Given the following list of presidents do a top ten word count in the smallest program possible:
INPUT FILE
Washington Washington Adams Jefferson Jefferson Madison Madison Monroe Monroe John Quincy Adams Jackson Jackson Van Buren Harrison DIES Tyler Polk Taylor DIES Fillmore Pierce Buchanan Lincoln Lincoln DIES Johnson Grant Grant Hayes Garfield DIES Arthur Cleveland Harrison Cleveland McKinley McKinley DIES Teddy Roosevelt Teddy Roosevelt Taft Wilson Wilson Harding Coolidge Hoover FDR FDR FDR FDR Dies Truman Truman Eisenhower Eisenhower Kennedy DIES Johnson Johnson Nixon Nixon ABDICATES Ford Carter Reagan Reagan Bush Clinton Clinton Bush Bush Obama
To start it off in bash 97 characters
cat input.txt | tr " " "\n" | tr -d "\t " | sed 's/^$//g' | sort | uniq -c | sort -n | tail -n 10
Output:
2 Nixon 2 Reagan 2 Roosevelt 2 Truman 2 Washington 2 Wilson 3 Bush 3 Johnson 4 FDR 7 DIES
Break ties as you see fit!
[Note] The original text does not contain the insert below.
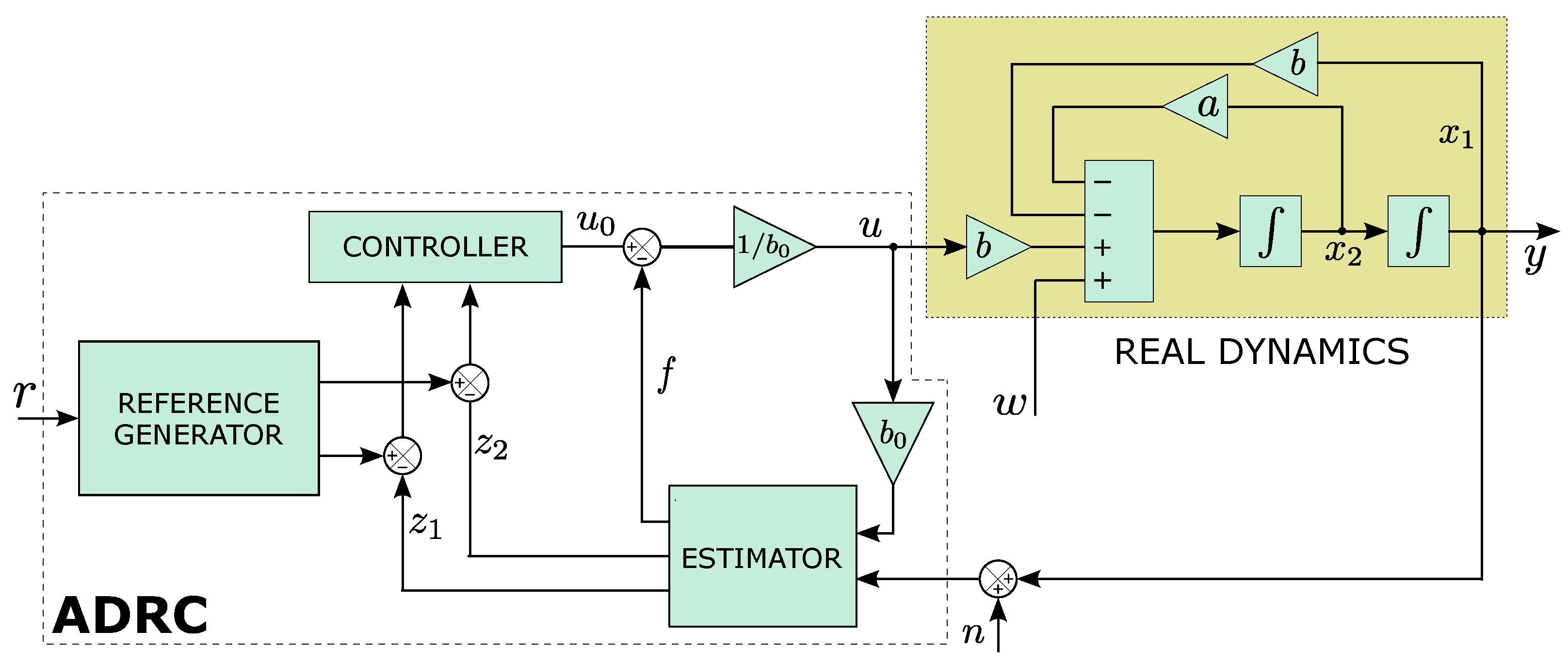Energies 16 03100 g006 550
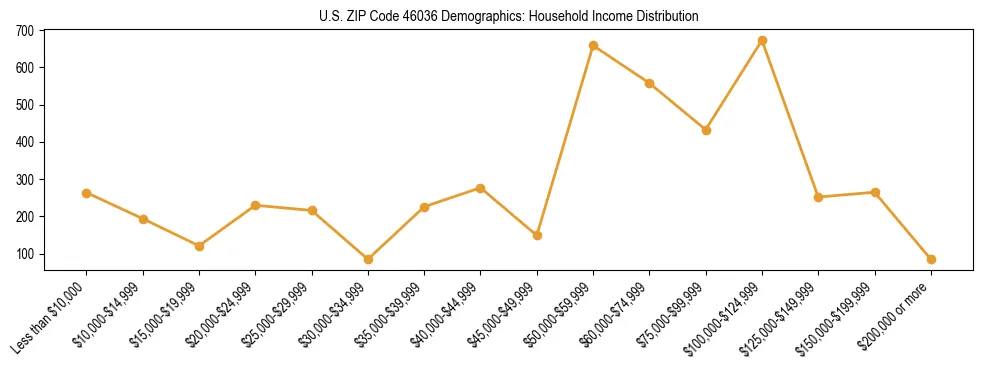 Horizontal bar chart showing household income distribution in US ZIP Code 46036.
Happy fourth!
For those of you who care more information on presidents can be found here.
A shorter shell version:
xargs -n1 < input.txt | sort | uniq -c | sort -nr | head
If you want case insensitive ranking, change uniq -c
into uniq -ci
.
Slightly shorter still, if you're happy about the rank being reversed and readability impaired by lack of spaces. This clocks in at 46 characters:
xargs -n1<input.txt|sort|uniq -c|sort -n|tail
(You could strip this down to 38 if you were allowed to rename the input file to simply "i" first.)
Observing that, in this special case, no word occur more than 9 times we can shave off 3 more characters by dropping the '-n' argument from the final sort:
xargs -n1<input.txt|sort|uniq -c|sort|tail
That takes this solution down to 43 characters without renaming the input file. (Or 35, if you do.)
Using xargs -n1
to split the file into one word on each line is preferable to the tr \ \\n
solution, as that creates lots of blank lines. This means that the solution is not correct, because it misses out Nixon and shows a blank string showing up 256 times. However, a blank string is not a "word".